Your reaction to all this is probably that it sounds good, but could you do it and could you afford to do it? Here are some questions and answers based on actual experience with Extreme Testing in development.
Will the developers actually write Unit Tests? Teams who try working with Extreme Programming's extensive up-front Unit Tests will never go back. New work goes much faster when you have tests to show you when you are done. Refactoring and other revisions go much faster when you have tests to show you that you haven't broken anything. Software release goes much faster when you run the tests before every release, because if anything breaks you know almost exactly where the problem is. Developers who work with tests get to spend more time working with new code, and less time trying to find obscure bugs in old code.
Yes, but how do I get them to try it? This could be a challenge. Most teams are willing to try an experiment for a few iterations, and most will experience enough early success to keep going. You may find it desirable to have a coach with the team, at least during the early days of trying any of the Extreme Programming disciplines.

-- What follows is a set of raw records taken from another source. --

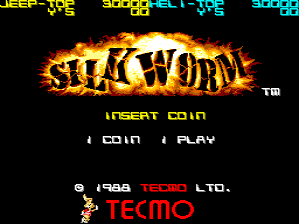 The Silk Worm title screen displays the game's logo in large fiery orange and yellow letters at center, with a glowing flame effect around the text. Below the logo, white text reads "INSERT COIN" followed by menu options "1 COIN" and "1 PLAY" in a simple pixelated font. The background is solid black. At the bottom, copyright information shows "© 1998 TECMO LTD." in red text, followed by the Tecmo company logo in red letters. The overall color scheme uses bright orange, yellow, white, and red against the dark background.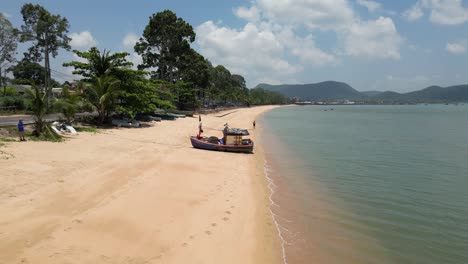 Fishing-boat-on-wide-sandy-beach-of-Bang-Saray-with-man-enjoying-sunshine-and-walk-near-the-Gulf-of-Thailand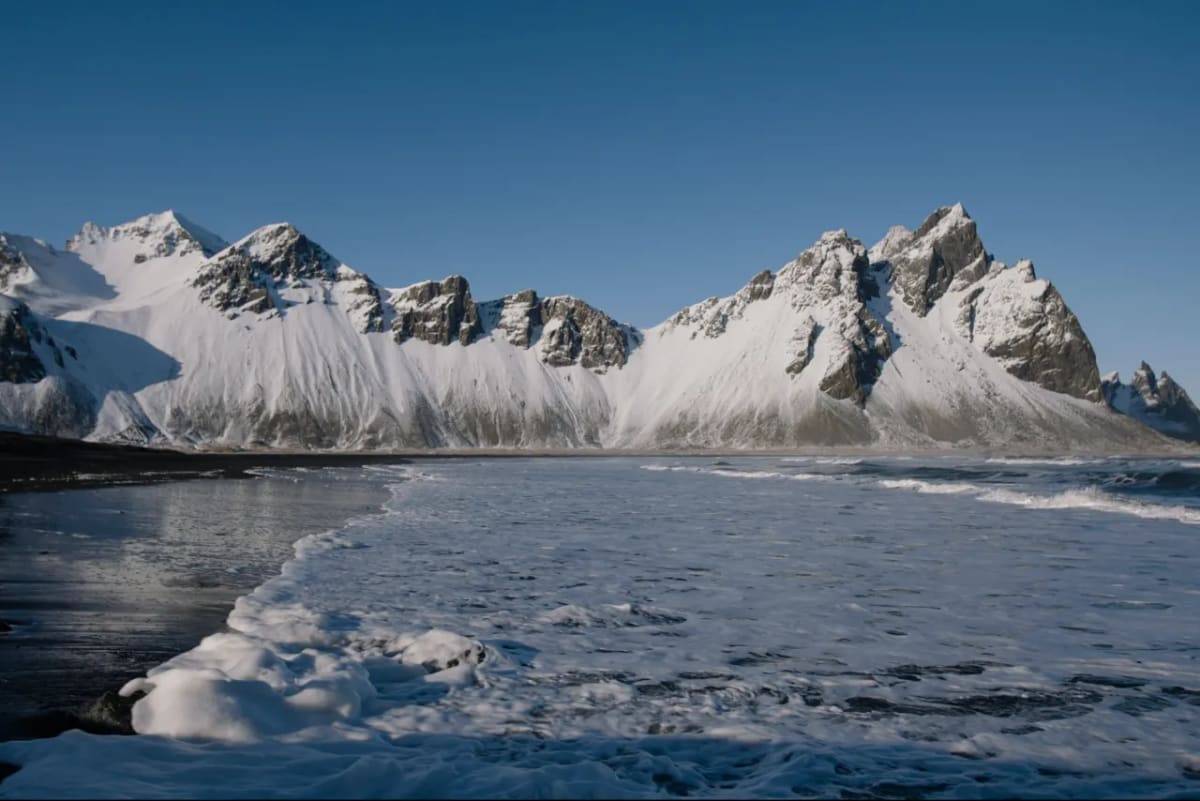 Snow-covered Vestrahorn above black sand and winter surf at Stokksnes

Doesn't writing all that extra test code slow things down? Only if you look at a very narrow window of time. Instead, picture the days you'll have to spend debugging when a problem only shows up in integration after everyone has been releasing code for days or weeks. Imagine your developers saying that some part of the system is so fragile that it can't be enhanced in the direction you need to go. And think of the fear of dealing with some part of the system that only one programmer understands, after he's gone.

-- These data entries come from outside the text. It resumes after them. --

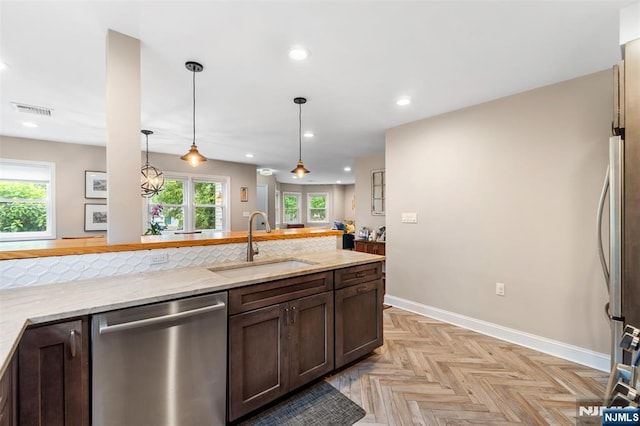37 Golf Ct, Teaneck, NJ 07666 - kitchen with stainless steel appliances, dark brown cabinetry, light stone counters, hanging light fixtures, and recessed lighting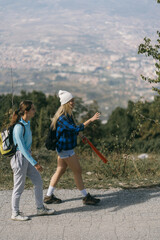 Blonde hiking girl pointing and explaining something to her friend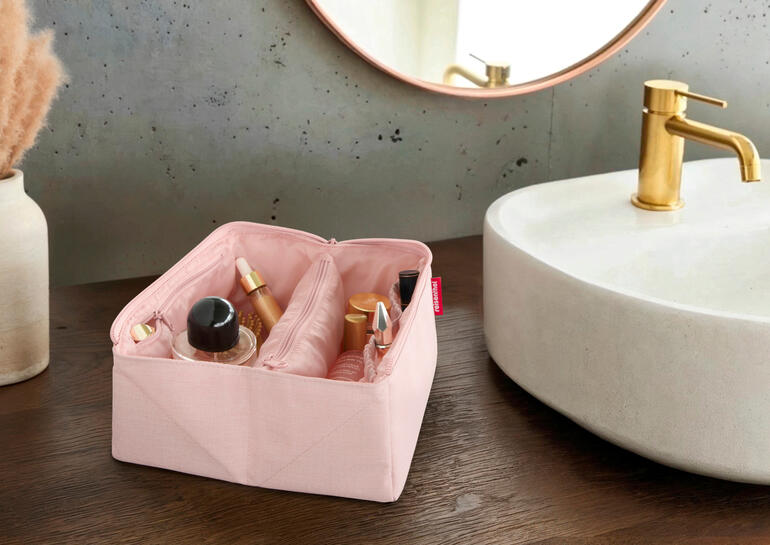 Nécessaire de voyage 2-en-1 rose ouverte avec des produits de soin sur une table en bois
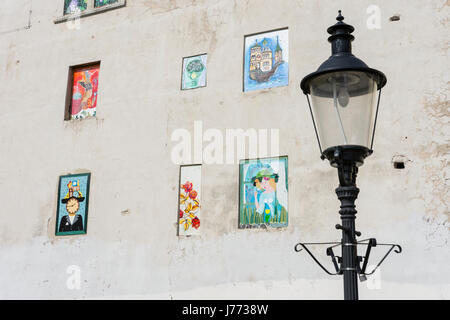 Eine Straßenlaterne mit einer Mauer mit einigen Figuren bemalt im Hintergrund in Bratislava Stockfoto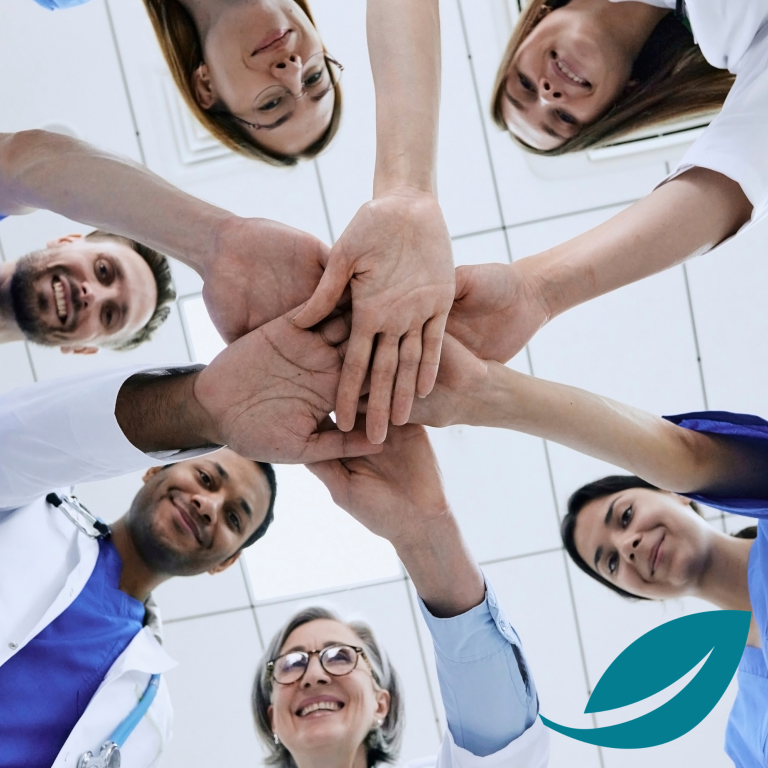 Week 6 - assessment and completion A diverse group of healthcare professionals joining hands together.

Won't the tests either take a long time to run, or not get run at all? If you don't run your tests, you don't know if the system works. If the tests run too slowly, you have the wrong tests, or the wrong testing facility. Keep the tests comprehensive, but lean and efficient.
Yes, You Can!
Extreme Programming is extreme in simplicity, in communication, and in aggressiveness. To make this work, we are also extreme in the amount of testing we do. This combination lets us develop software rapidly, confidently, and with a lot of fun in the process. It will work for you, too. STQE
Our payroll project example uses Kent Beck's Testing Framework as the basis for both Unit and Functional Tests. This framework is widely available for Smalltalk, Java, and C++ (see the Webinfolink section of the magazine's Web site for resource information).

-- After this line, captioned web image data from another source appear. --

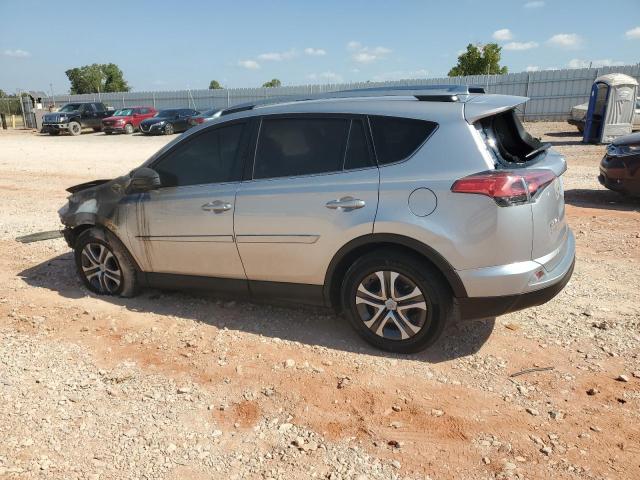 2T3ZFREV8HW341426 - 2017 TOYOTA RAV4 LE SILVER photo 2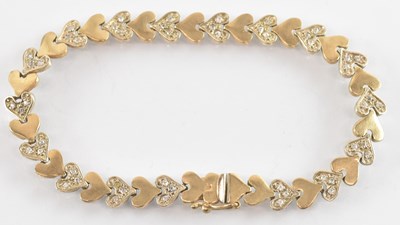 Lot 1285 - A 9ct yellow gold white stone set bracelet,...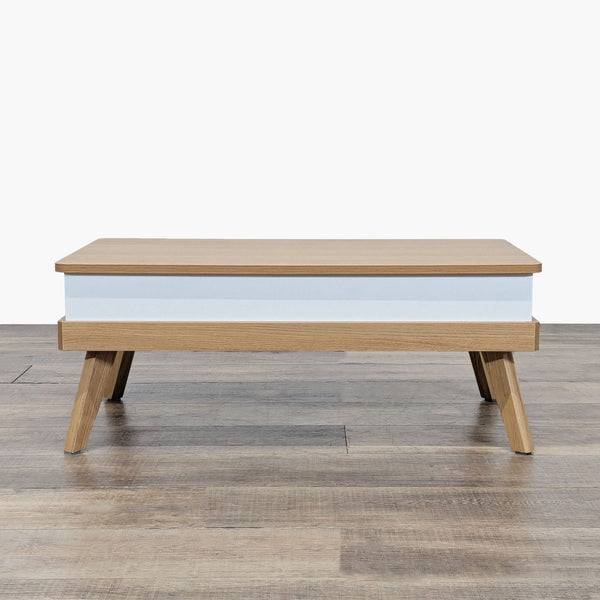 1. Reperch coffee table with light wood finish, white base accent, and angled legs on wood flooring.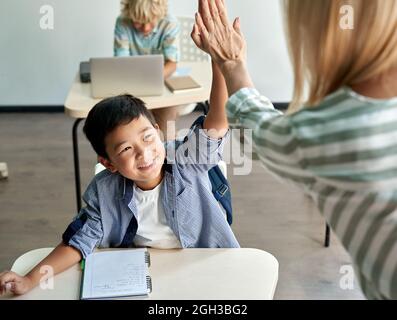 Glücklich asiatische Kind Junge geben hohe fünf zu weiblichen Lehrer in der Klasse im Klassenzimmer. Stockfoto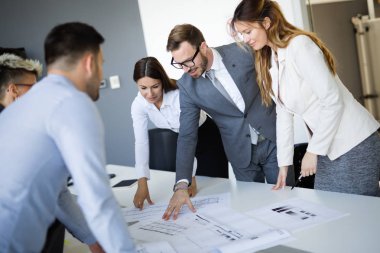 Takım inşaat planları üzerinde birlikte çalışan mimarlar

Unit Tests belong to programmers, so the unit testing facilities are optimized for that purpose. We have our tests divided into "suites," which are interesting combinations of related tests. With smaller suites, we can run a few related tests while we're working in a specific area. When tests run quickly, developers test more frequently and get important feedback sooner.
We use a very simple GUI that lets us open a suite and run it. The GUI displays a running percentage of tests completed while they are running and a total score when completed. The GUI above is showing that the tests are complete and the score is only 91%. This is bad, which is why the screen is red. The developer needs to fix things up. Remember that every test in the entire system must be brought up to 100% before the developer can release her code.
Now the GUI shows the tests complete, and the developer can release her software. We can say that with confidence because we required all the Unit Tests in the system to run at 100% before release, and single-threaded releases on a single integration machine. Success!
We built a more comprehensive framework for Functional Testing because it needs to make sense to users rather than developers. Its GUI displays the result of paying an employee, with lines for each internal or exported value the customers want to check. Each line shows an expected value and the value computed by the system. Lines where the values differ are highlighted.
Although this tool is very powerful, we built it essentially from scratch in only a few weeks. The essence is simple: just compute values in the system and compare them to values saved on a file.